Records shown:

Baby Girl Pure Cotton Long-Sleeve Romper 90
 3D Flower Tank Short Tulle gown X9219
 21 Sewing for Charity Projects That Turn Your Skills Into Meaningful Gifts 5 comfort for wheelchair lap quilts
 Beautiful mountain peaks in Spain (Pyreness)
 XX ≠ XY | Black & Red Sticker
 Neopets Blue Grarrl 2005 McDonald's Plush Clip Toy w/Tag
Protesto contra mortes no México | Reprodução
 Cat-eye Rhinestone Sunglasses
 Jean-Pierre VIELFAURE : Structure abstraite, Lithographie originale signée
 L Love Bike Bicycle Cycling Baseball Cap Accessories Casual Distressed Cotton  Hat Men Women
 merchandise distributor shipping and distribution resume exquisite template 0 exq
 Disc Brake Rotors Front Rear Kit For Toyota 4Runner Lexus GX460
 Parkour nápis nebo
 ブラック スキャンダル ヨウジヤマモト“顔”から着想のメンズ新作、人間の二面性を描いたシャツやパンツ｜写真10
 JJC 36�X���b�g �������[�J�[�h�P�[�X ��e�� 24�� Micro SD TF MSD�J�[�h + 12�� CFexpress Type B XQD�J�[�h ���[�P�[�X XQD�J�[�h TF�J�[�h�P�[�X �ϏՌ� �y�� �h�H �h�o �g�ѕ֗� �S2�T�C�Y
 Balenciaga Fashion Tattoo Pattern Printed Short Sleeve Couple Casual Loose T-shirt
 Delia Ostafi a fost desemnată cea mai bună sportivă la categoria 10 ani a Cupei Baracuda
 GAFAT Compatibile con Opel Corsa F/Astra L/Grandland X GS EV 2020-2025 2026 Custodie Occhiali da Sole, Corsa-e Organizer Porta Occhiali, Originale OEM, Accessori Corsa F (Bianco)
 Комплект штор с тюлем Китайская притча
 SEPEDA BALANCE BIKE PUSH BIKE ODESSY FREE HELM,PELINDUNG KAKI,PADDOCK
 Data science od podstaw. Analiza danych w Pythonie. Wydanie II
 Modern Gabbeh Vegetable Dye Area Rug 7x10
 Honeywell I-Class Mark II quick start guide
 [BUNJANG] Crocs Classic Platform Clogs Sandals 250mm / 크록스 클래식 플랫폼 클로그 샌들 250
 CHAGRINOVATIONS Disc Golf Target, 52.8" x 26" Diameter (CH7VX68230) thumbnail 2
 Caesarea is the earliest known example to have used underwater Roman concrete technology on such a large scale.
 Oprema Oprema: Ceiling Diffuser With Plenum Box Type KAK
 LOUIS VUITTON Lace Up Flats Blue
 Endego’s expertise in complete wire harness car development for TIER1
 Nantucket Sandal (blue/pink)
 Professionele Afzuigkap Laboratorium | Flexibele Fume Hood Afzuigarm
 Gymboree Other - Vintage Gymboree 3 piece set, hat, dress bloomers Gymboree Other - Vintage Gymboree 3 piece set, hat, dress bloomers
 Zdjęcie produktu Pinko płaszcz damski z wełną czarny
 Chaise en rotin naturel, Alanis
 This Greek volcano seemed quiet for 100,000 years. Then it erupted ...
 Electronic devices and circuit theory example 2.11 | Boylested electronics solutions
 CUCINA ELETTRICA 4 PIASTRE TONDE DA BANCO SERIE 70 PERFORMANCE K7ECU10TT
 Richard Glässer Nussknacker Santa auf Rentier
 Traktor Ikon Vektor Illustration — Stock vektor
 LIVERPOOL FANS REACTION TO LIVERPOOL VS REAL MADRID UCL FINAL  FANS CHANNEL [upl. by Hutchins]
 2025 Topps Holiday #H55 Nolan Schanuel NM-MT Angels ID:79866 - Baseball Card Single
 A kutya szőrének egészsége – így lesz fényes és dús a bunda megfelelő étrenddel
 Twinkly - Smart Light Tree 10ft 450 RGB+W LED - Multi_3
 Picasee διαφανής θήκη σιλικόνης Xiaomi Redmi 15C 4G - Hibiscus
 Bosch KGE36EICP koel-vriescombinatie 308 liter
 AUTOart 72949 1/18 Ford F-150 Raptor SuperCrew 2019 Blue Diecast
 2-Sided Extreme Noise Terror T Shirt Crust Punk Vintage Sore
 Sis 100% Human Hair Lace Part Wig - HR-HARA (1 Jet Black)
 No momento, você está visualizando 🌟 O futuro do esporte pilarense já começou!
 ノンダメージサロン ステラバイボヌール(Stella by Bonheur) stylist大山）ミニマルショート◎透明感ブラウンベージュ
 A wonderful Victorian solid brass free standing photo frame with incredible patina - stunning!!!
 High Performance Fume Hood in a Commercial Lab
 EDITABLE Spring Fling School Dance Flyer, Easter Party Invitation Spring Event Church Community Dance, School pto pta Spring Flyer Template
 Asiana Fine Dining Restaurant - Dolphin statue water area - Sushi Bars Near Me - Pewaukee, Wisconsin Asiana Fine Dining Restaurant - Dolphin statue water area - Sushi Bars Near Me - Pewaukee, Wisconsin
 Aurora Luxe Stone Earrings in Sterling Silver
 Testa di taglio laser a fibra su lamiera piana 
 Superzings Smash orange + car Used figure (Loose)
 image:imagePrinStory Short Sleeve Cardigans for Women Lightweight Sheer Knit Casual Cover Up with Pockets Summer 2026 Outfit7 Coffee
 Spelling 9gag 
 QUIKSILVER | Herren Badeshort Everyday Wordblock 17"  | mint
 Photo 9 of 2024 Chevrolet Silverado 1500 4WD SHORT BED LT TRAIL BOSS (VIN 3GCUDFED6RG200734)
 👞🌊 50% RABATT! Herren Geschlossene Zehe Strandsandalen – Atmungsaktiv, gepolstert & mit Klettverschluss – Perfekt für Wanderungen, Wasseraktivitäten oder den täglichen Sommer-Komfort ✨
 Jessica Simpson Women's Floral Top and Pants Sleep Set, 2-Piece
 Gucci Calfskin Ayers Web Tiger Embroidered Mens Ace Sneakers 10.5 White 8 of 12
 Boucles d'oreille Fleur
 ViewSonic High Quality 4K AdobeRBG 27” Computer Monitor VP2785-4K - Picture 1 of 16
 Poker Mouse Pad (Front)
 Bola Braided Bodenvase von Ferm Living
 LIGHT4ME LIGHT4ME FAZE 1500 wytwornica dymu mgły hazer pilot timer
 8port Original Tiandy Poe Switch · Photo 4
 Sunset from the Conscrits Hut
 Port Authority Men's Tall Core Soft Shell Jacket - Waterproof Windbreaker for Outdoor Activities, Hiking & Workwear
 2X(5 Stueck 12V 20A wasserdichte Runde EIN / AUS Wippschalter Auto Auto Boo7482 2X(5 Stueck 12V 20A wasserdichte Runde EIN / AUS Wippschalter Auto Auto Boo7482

The task: Copy out all the entries exactly once more.

Exercise result:
Baby Girl Pure Cotton Long-Sleeve Romper 90
 3D Flower Tank Short Tulle gown X9219
 21 Sewing for Charity Projects That Turn Your Skills Into Meaningful Gifts 5 comfort for wheelchair lap quilts
 Beautiful mountain peaks in Spain (Pyreness)
 XX ≠ XY | Black & Red Sticker
 Neopets Blue Grarrl 2005 McDonald's Plush Clip Toy w/Tag
Protesto contra mortes no México | Reprodução
 Cat-eye Rhinestone Sunglasses
 Jean-Pierre VIELFAURE : Structure abstraite, Lithographie originale signée
 L Love Bike Bicycle Cycling Baseball Cap Accessories Casual Distressed Cotton  Hat Men Women
 merchandise distributor shipping and distribution resume exquisite template 0 exq
 Disc Brake Rotors Front Rear Kit For Toyota 4Runner Lexus GX460
 Parkour nápis nebo
 ブラック スキャンダル ヨウジヤマモト“顔”から着想のメンズ新作、人間の二面性を描いたシャツやパンツ｜写真10
 JJC 36�X���b�g �������[�J�[�h�P�[�X ��e�� 24�� Micro SD TF MSD�J�[�h + 12�� CFexpress Type B XQD�J�[�h ���[�P�[�X XQD�J�[�h TF�J�[�h�P�[�X �ϏՌ� �y�� �h�H �h�o �g�ѕ֗� �S2�T�C�Y
 Balenciaga Fashion Tattoo Pattern Printed Short Sleeve Couple Casual Loose T-shirt
 Delia Ostafi a fost desemnată cea mai bună sportivă la categoria 10 ani a Cupei Baracuda
 GAFAT Compatibile con Opel Corsa F/Astra L/Grandland X GS EV 2020-2025 2026 Custodie Occhiali da Sole, Corsa-e Organizer Porta Occhiali, Originale OEM, Accessori Corsa F (Bianco)
 Комплект штор с тюлем Китайская притча
 SEPEDA BALANCE BIKE PUSH BIKE ODESSY FREE HELM,PELINDUNG KAKI,PADDOCK
 Data science od podstaw. Analiza danych w Pythonie. Wydanie II
 Modern Gabbeh Vegetable Dye Area Rug 7x10
 Honeywell I-Class Mark II quick start guide
 [BUNJANG] Crocs Classic Platform Clogs Sandals 250mm / 크록스 클래식 플랫폼 클로그 샌들 250
 CHAGRINOVATIONS Disc Golf Target, 52.8" x 26" Diameter (CH7VX68230) thumbnail 2
 Caesarea is the earliest known example to have used underwater Roman concrete technology on such a large scale.
 Oprema Oprema: Ceiling Diffuser With Plenum Box Type KAK
 LOUIS VUITTON Lace Up Flats Blue
 Endego’s expertise in complete wire harness car development for TIER1
 Nantucket Sandal (blue/pink)
 Professionele Afzuigkap Laboratorium | Flexibele Fume Hood Afzuigarm
 Gymboree Other - Vintage Gymboree 3 piece set, hat, dress bloomers Gymboree Other - Vintage Gymboree 3 piece set, hat, dress bloomers
 Zdjęcie produktu Pinko płaszcz damski z wełną czarny
 Chaise en rotin naturel, Alanis
 This Greek volcano seemed quiet for 100,000 years. Then it erupted ...
 Electronic devices and circuit theory example 2.11 | Boylested electronics solutions
 CUCINA ELETTRICA 4 PIASTRE TONDE DA BANCO SERIE 70 PERFORMANCE K7ECU10TT
 Richard Glässer Nussknacker Santa auf Rentier
 Traktor Ikon Vektor Illustration — Stock vektor
 LIVERPOOL FANS REACTION TO LIVERPOOL VS REAL MADRID UCL FINAL  FANS CHANNEL [upl. by Hutchins]
 2025 Topps Holiday #H55 Nolan Schanuel NM-MT Angels ID:79866 - Baseball Card Single
 A kutya szőrének egészsége – így lesz fényes és dús a bunda megfelelő étrenddel
 Twinkly - Smart Light Tree 10ft 450 RGB+W LED - Multi_3
 Picasee διαφανής θήκη σιλικόνης Xiaomi Redmi 15C 4G - Hibiscus
 Bosch KGE36EICP koel-vriescombinatie 308 liter
 AUTOart 72949 1/18 Ford F-150 Raptor SuperCrew 2019 Blue Diecast
 2-Sided Extreme Noise Terror T Shirt Crust Punk Vintage Sore
 Sis 100% Human Hair Lace Part Wig - HR-HARA (1 Jet Black)
 No momento, você está visualizando 🌟 O futuro do esporte pilarense já começou!
 ノンダメージサロン ステラバイボヌール(Stella by Bonheur) stylist大山）ミニマルショート◎透明感ブラウンベージュ
 A wonderful Victorian solid brass free standing photo frame with incredible patina - stunning!!!
 High Performance Fume Hood in a Commercial Lab
 EDITABLE Spring Fling School Dance Flyer, Easter Party Invitation Spring Event Church Community Dance, School pto pta Spring Flyer Template
 Asiana Fine Dining Restaurant - Dolphin statue water area - Sushi Bars Near Me - Pewaukee, Wisconsin Asiana Fine Dining Restaurant - Dolphin statue water area - Sushi Bars Near Me - Pewaukee, Wisconsin
 Aurora Luxe Stone Earrings in Sterling Silver
 Testa di taglio laser a fibra su lamiera piana 
 Superzings Smash orange + car Used figure (Loose)
 image:imagePrinStory Short Sleeve Cardigans for Women Lightweight Sheer Knit Casual Cover Up with Pockets Summer 2026 Outfit7 Coffee
 Spelling 9gag 
 QUIKSILVER | Herren Badeshort Everyday Wordblock 17"  | mint
 Photo 9 of 2024 Chevrolet Silverado 1500 4WD SHORT BED LT TRAIL BOSS (VIN 3GCUDFED6RG200734)
 👞🌊 50% RABATT! Herren Geschlossene Zehe Strandsandalen – Atmungsaktiv, gepolstert & mit Klettverschluss – Perfekt für Wanderungen, Wasseraktivitäten oder den täglichen Sommer-Komfort ✨
 Jessica Simpson Women's Floral Top and Pants Sleep Set, 2-Piece
 Gucci Calfskin Ayers Web Tiger Embroidered Mens Ace Sneakers 10.5 White 8 of 12
 Boucles d'oreille Fleur
 ViewSonic High Quality 4K AdobeRBG 27” Computer Monitor VP2785-4K - Picture 1 of 16
 Poker Mouse Pad (Front)
 Bola Braided Bodenvase von Ferm Living
 LIGHT4ME LIGHT4ME FAZE 1500 wytwornica dymu mgły hazer pilot timer
 8port Original Tiandy Poe Switch · Photo 4
 Sunset from the Conscrits Hut
 Port Authority Men's Tall Core Soft Shell Jacket - Waterproof Windbreaker for Outdoor Activities, Hiking & Workwear
 2X(5 Stueck 12V 20A wasserdichte Runde EIN / AUS Wippschalter Auto Auto Boo7482 2X(5 Stueck 12V 20A wasserdichte Runde EIN / AUS Wippschalter Auto Auto Boo7482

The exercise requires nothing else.